Le musée de la Bible à Washington D.C. (un musée proche des évangélistes) abrite un document extrêmement rare: une bible utilisée dans les années 1800 par des missionnaires britanniques pour convertir et évangéliser les esclaves importés aux États-Unis. L'ouvrage appartient à l'université de Fisk.
Uniquement trois copies de cette bible sont connues dans le monde, dont une seule aux États-Unis. Ce qui les rend réellement uniques, c’est ce qu’elles contiennent. «Environs 90% de l’Ancien Testament est manquant ainsi que 50% du Nouveau Testament, explique Anthony Schmidt, l'un des conservateurs du musée. C’est-à-dire que sur les 1.189 chapitres dans une bible protestante standard, celle-ci n’en compte que 232.»

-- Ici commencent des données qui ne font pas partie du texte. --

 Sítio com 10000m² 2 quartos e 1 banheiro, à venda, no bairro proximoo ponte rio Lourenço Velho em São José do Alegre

Cette édition de la bible a en fait été expurgée de tous les passages qui pouvaient inspirer la rébellion ou la libération. C’est pour cette raison que l’Ancien Testament, en grande partie consacré à l’exode des Juifs d’Égypte où ils étaient réduits en esclavage, est quasiment absent de cette version.
Éviter les révoltes
La bible est un livre complexe qui compile des écrits variés, émanant de dizaines de mains différentes, rédigés sur plusieurs siècles. En coupant certains passages pour en privilégier d’autres, on peut donc lui faire porter des messages différents, voire opposés. Dans cette version réservée aux esclaves, le verset «Il n'y a plus ni Juif ni Grec, il n'y a plus ni esclave ni libre, il n'y a plus ni homme ni femme; car tous vous êtes un en Jésus-Christ» (Galates 3:28) est supprimé, mais «Serviteurs, obéissez à vos maîtres selon la chair, avec crainte et tremblement, dans la simplicité de votre coeur, comme à Christ» (Éphésiens 6:5) est conservé.

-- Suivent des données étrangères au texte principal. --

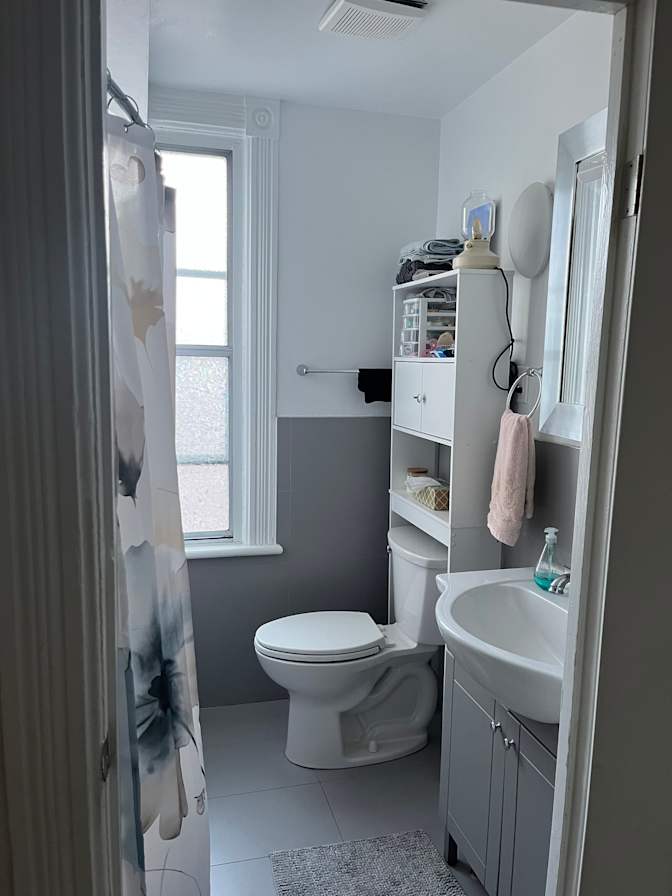 Chloe's room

Il y a plusieurs théories sur le contexte de la création de cette bible. La principale est que les esclavagistes des Caraïbes s’opposaient à ce que des missionnaires puissent évangéliser les esclaves africains qui leurs appartenaient. «Cette bible peut être interprétée comme une manière de dire “Nous voulons convertir ces Africains mais nous n’allons pas leur apprendre quoi que ce soit qui puisse inciter une rébellion”», détaille Anthony Schmidt.